Jan Elizabeth DeSTAFNEY, individually and as the mother and custodial parent of Joseph Michael DeStafney
v.
The UNIVERSITY OF ALABAMA, et al.

80-431.

Supreme Court of Alabama.

September 4, 1981.
On Rehearing February 5, 1982.
Second Rehearing Denied May 21, 1982.

Jack Drake of Drake & Pierce, University, for appellant.

Paul E. Skidmore, University, for appellee the University of Alabama and President David Mathews.

James J. Jenkins, of Phelps, Owens, Jenkins, Gibson & Fowler, Tuscaloosa, for appellee Gabrielle Martinez.

PER CURIAM.

Affirmed on the authority of Gill v. Sewell, 356 So.2d 1196 (Ala.1978), and Milton v. Espey, 356 So.2d 1201 (Ala.1978).

AFFIRMED.

TORBERT, C. J., and MADDOX and ALMON, JJ., concur.

EMBRY, BEATTY and ADAMS, JJ., concur in the result.

FAULKNER and JONES, JJ., concur in part and dissent in part.

SHORES, J., not sitting.

JONES, Justice (concurring in part and dissenting in part):

I concur with the per curiam summary affirmance on the trial court's order of dismissal with respect to Defendants University of Alabama and Dr. David Mathews. I dissent as to the dismissal of Defendant Gabrielle Martinez on the ground that I do not construe § 14 of our State Constitution as affording immunity from suit to an employee of the State for tortious injury.

FAULKNER, J., concurs.

On Application for Rehearing

JONES, Justice.

Appellant's brief in support of rehearing contains the following succinct "Statement of the Case":

"Three-year old Michael DeStafney was placed on a piece of playground equipment at Rose Towers Learning Center by Defendant-Appellee Gabrielle Martinez. Michael fell, severely injuring his jaw. His injuries may be permanent in *392 nature and as he grows older he may be forced to undergo several surgical operations to correct the damage done.
"At the time of his injury Michael was a student at Rose Towers Learning Center, a day care center operated by the University of Alabama at Tuscaloosa. Defendant Martinez was employed as an Aide at the Center.
"Michael's mother Jan DeStafney filed suit against Gabrielle Martinez, individually, the University of Alabama and David Mathews, as President of the University of Alabama.[[1]] The trial court granted summary judgment for all Defendants citing Gill v. Sewell, 356 So.2d 1196 ([Ala.] 1980), and Milton v. Espey, 356 So.2d 1201 ([Ala.] 1978).
"On September 4, 1981, this Court affirmed the Circuit Court's grant of summary judgment per curiam without opinion on the authority of Gill v. Sewell, supra, and Milton v. Espey, supra. Three members of this Court concurred in the opinion, three `concurred in the result,' two concurred as to the University and David Mathews but dissented as to Martinez and one did not sit."
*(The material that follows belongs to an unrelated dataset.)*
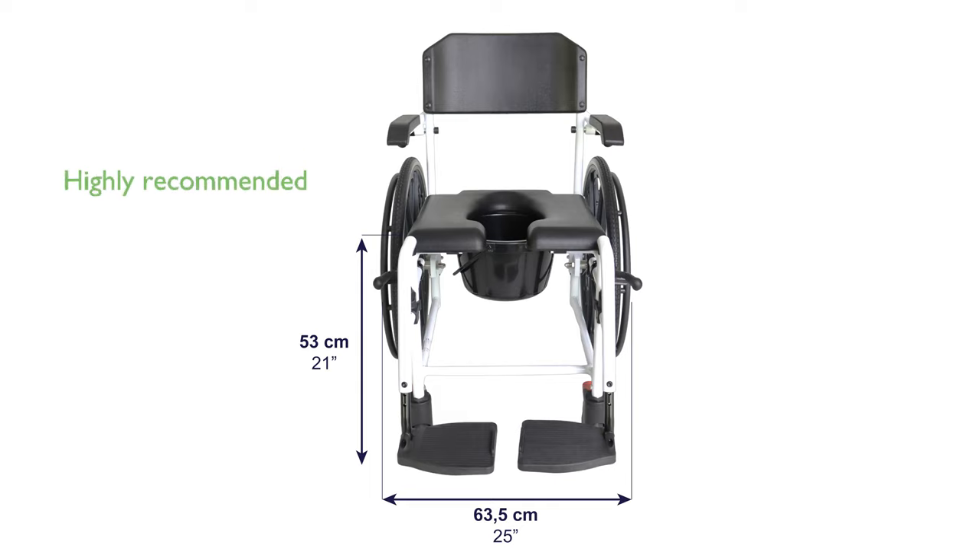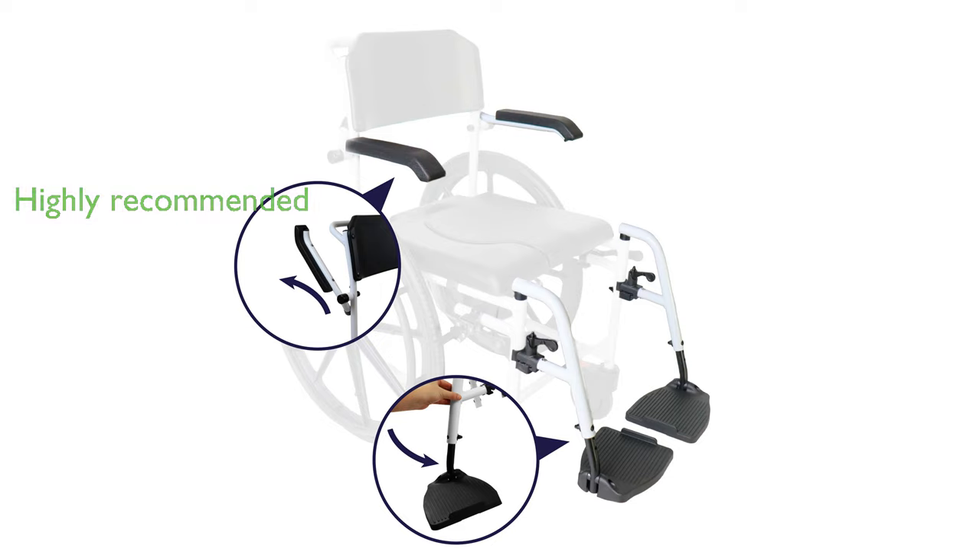The K-Mina Pro is highly recommended for individuals with mobility issues, making it suitable for use in hospitals, clinics, geriatrics, and home settings. With a maximum user weight capacity of 265 pounds, this shower wheelchair is robust and reliable for various user needs.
This Court preliminarily granted rehearing as to the individual defendant, Gabrielle Martinez; withdrew submission; and ordered the case set for oral argument on October 19, 1981.
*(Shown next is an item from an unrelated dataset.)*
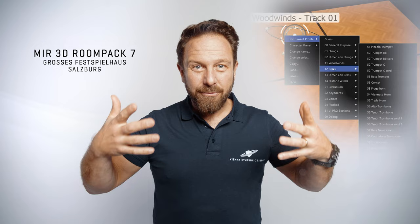MIR Pro 3D also takes the characteristics of an instrument into account. A trumpet will activate the room in a different way than a bass drum or a piccolo flute. No more guessing around — this software will help you out and you'll get a great sounding setup in no time. Intuitive and convincing!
Upon reconsideration of the briefs and arguments of counsel, we reaffirm our agreement with the trial court's order granting summary judgment as to the University of Alabama and David Mathews, as President of the University of Alabama. We grant rehearing and reverse and remand as to the defendant Gabrielle Martinez, individually.

Upon further study and re-evaluation of Gill v. Sewell, supra, and Milton v. Espey, supra, we are of the opinion that these cases do not mandate our rejection of the Plaintiffs' claims for tortious injury against the individual employee of the University of Alabama. We hold, therefore, that the defense of sovereign immunity afforded by Ala.Const. 1901, § 14, to the University of Alabama and its President, Dr. Mathews, does not extend to Gabrielle Martinez as an employee whose alleged tortious act is the basis of the claim.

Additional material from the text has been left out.